In your copy of the data, omit the pictures and keep all else exactly as given.

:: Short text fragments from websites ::
__________
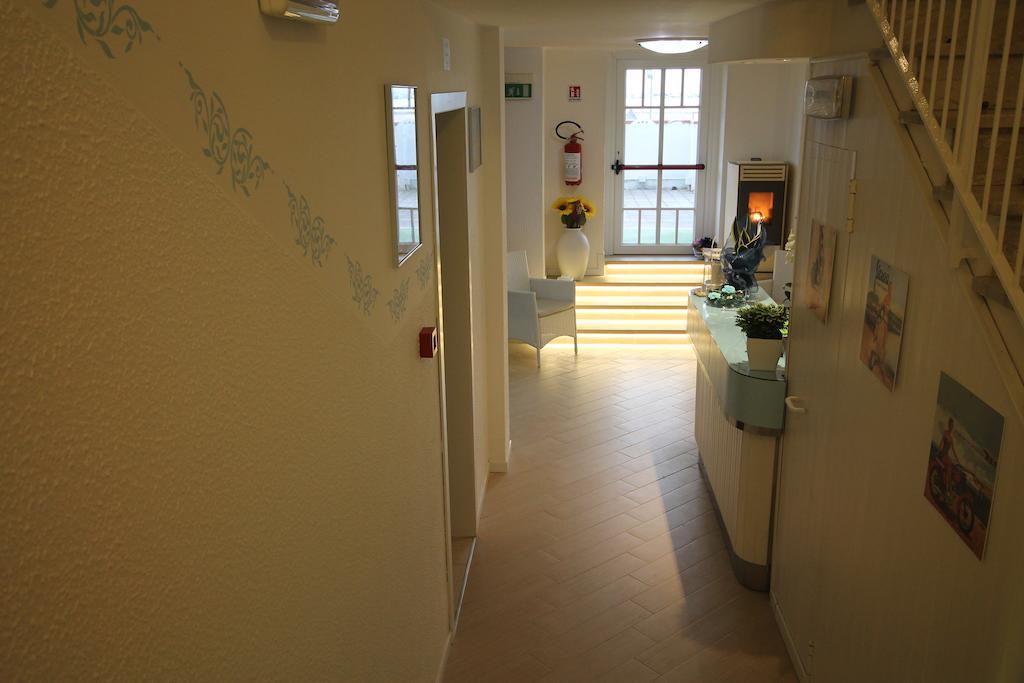 Hotel Belvedere Spiaggia Rimini Exterior photo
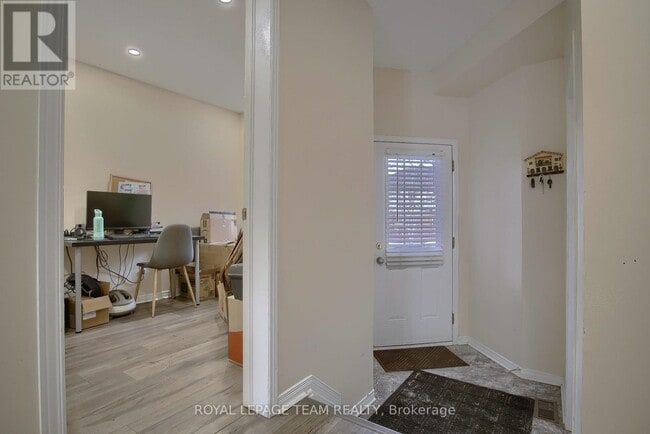 Building Photo - 508 Aberfoyle Cir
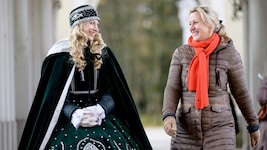 Das Christkindl Laura Müller beim Rundgang durch Steyr.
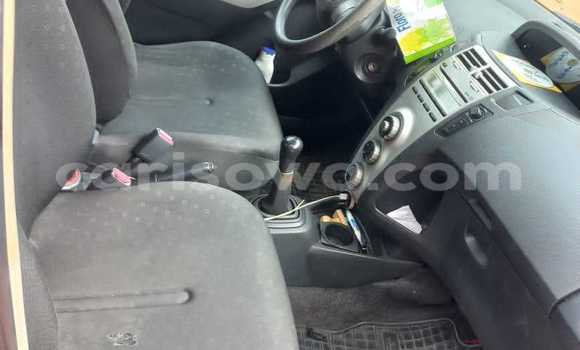 Ra Àlòkù Toyota Yaris Silver Ọkọ̀ in Cotonou ni Benin Ra Àlòkù Toyota Yaris Silver Ọkọ̀ in Cotonou ni Benin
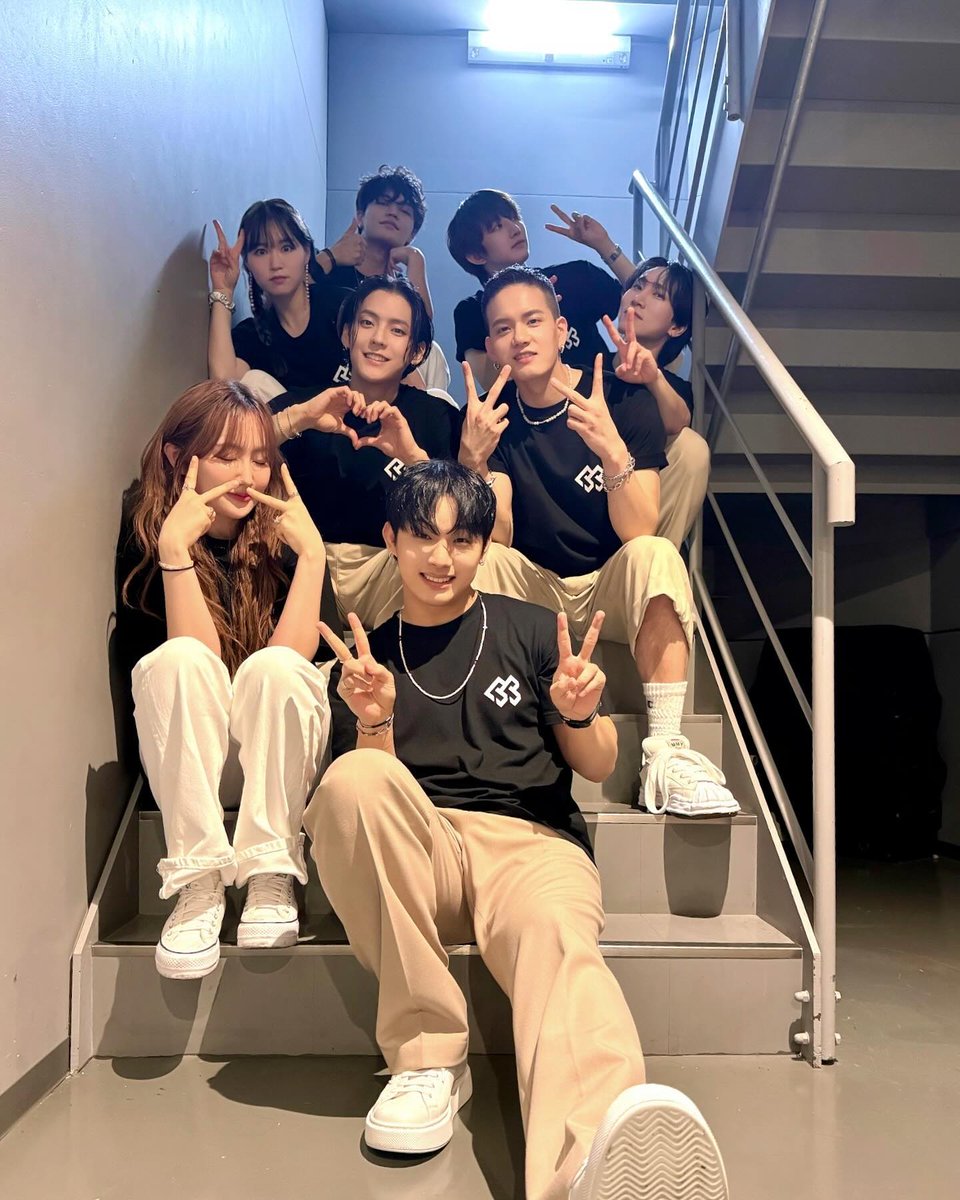 댄서분 인스타에 비투비🍀💙
일본 공연 고생많아써💕💕💕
__________
:: Expected output ::
 Hotel Belvedere Spiaggia Rimini Exterior photo
 Building Photo - 508 Aberfoyle Cir
 Das Christkindl Laura Müller beim Rundgang durch Steyr.
 Ra Àlòkù Toyota Yaris Silver Ọkọ̀ in Cotonou ni Benin Ra Àlòkù Toyota Yaris Silver Ọkọ̀ in Cotonou ni Benin
 댄서분 인스타에 비투비🍀💙
일본 공연 고생많아써💕💕💕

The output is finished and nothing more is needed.